If you – like me – were a snooker fan in the 1980s then the sight of Steve Davis holding up a trophy is nothing new.
Such was his dominance in that golden decade that it was more newsworthy when he failed to win a tournament than when he went home with the spoils.
He was admired and respected but not really loved. He was too successful for many. Just too good.
As new champions emerged – Stephen Hendry in particular – Davis had to accept that the glory days were over. He fell down the rankings but such was his stubbornness, his raging against the dying of the light, that he has managed to retain his professional status at the age of 56.
Tonight, he won the World Seniors Championship and it is clear in the aftermath of this victory that he is no longer merely respected: he is loved.
Steve Davis turned professional in 1978 before there was a circuit.
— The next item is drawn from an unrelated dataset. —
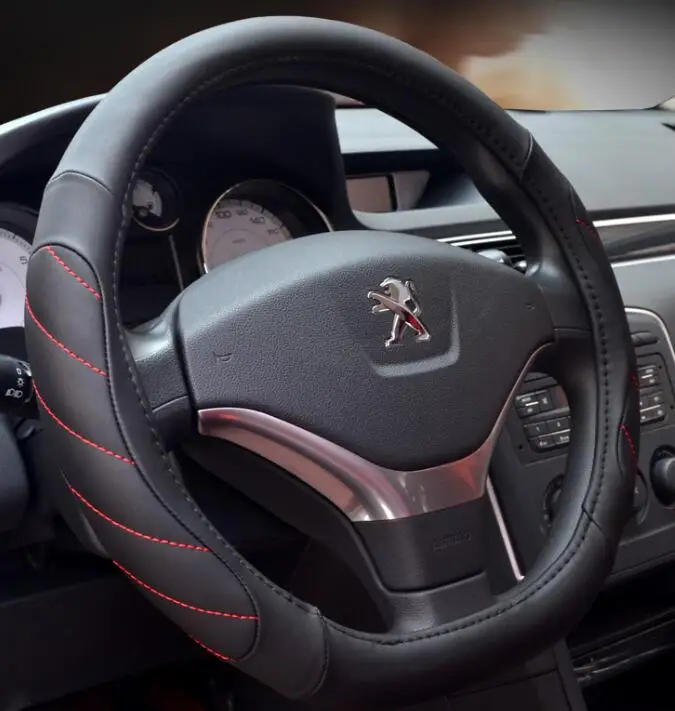 Black Крышка рулевого колеса автомобиля крышка рулевого колеса использовать спортивный автомобиль Авто Руль диаметр 38 см - Название цвета: Black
He bestrode the snooker world when it was the most popular TV sport in Britain and he held on long after most of his old rivals had departed the stage.
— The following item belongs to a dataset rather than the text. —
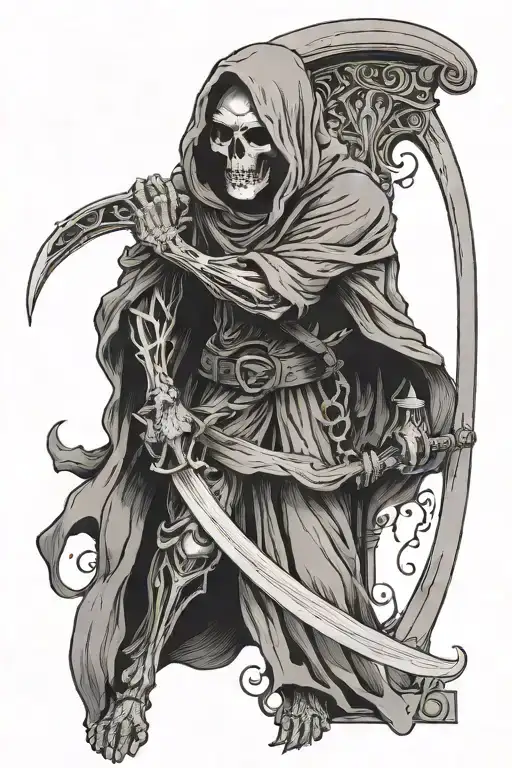 A Grim Reaper With An Arch Above Him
Why? Because nobody loves snooker as much as Steve. He has retained his boyish fascination for the game, for its intricacies and challenges.
The tournament itself was at times hard to watch. These old stagers are not the players they once were. There was much playing on for snookers – inevitable in a best of three format featuring players with immense all round knowledge – and the style of snooker played was alien to modern audiences.
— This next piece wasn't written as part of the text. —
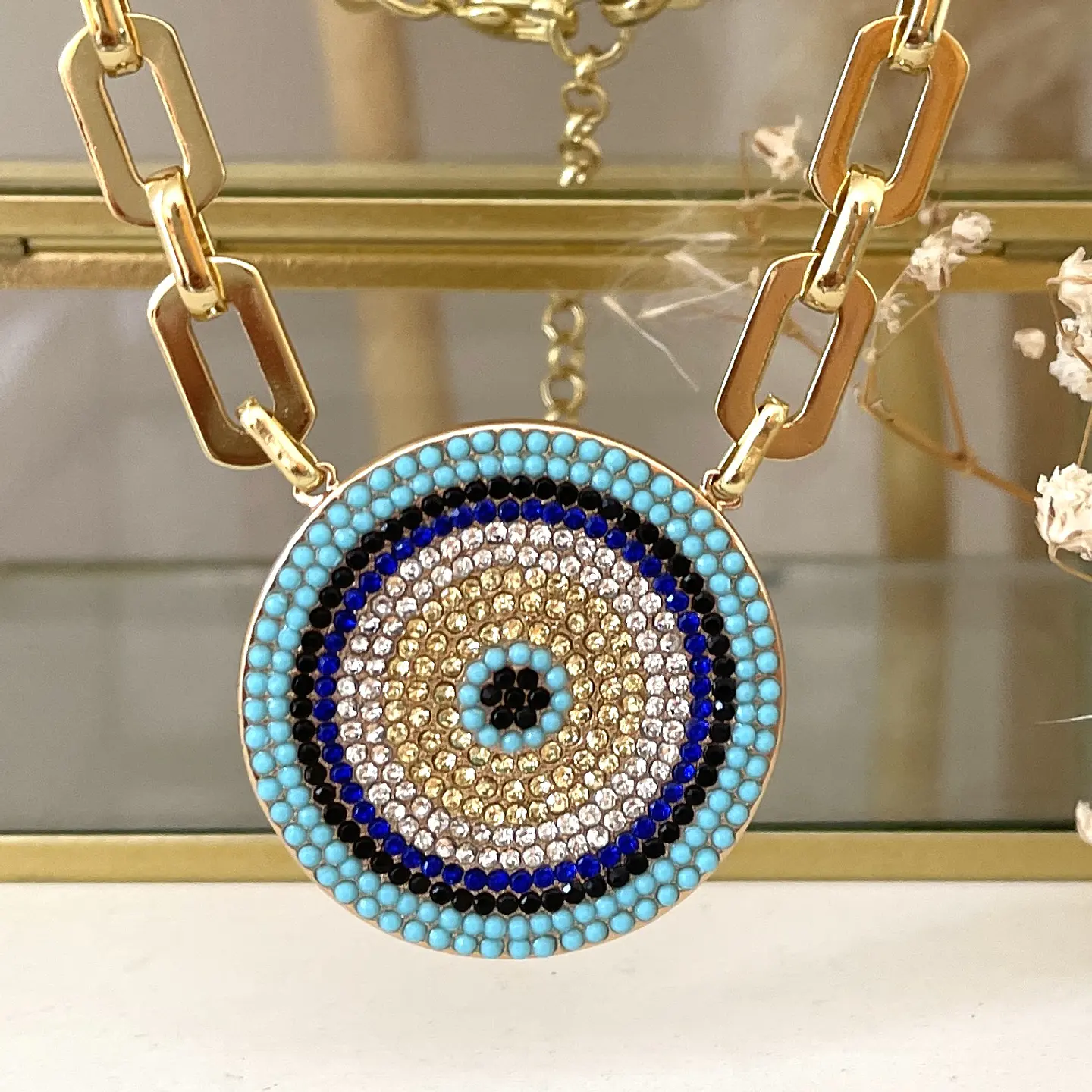 Collar Medallón Ojo Turco Circones Gold 3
However, Davis played superbly from 1-0 down to defending champion Nigel Bond in the final.
It is his first title of any description in 15 years and his first on British TV since, against the odds, he won the 1997 Masters.
Recently in a Sky Sports interview, Davis was asked to sum up his career. Characteristically, he put the sport first, saying how proud he was that snooker had played such an important part in the lives of so many and how it had created such golden memories.
Snooker has seen many champions, many entertainers and many wonderful talents but Steve Davis is, and will remain, a legend: a player for whom the basic wonder of every new frame and its attendant possibilities trumps the trappings of success and celebrity every time.
Long may he continue to play this great game. No sport could ask for a better ambassador.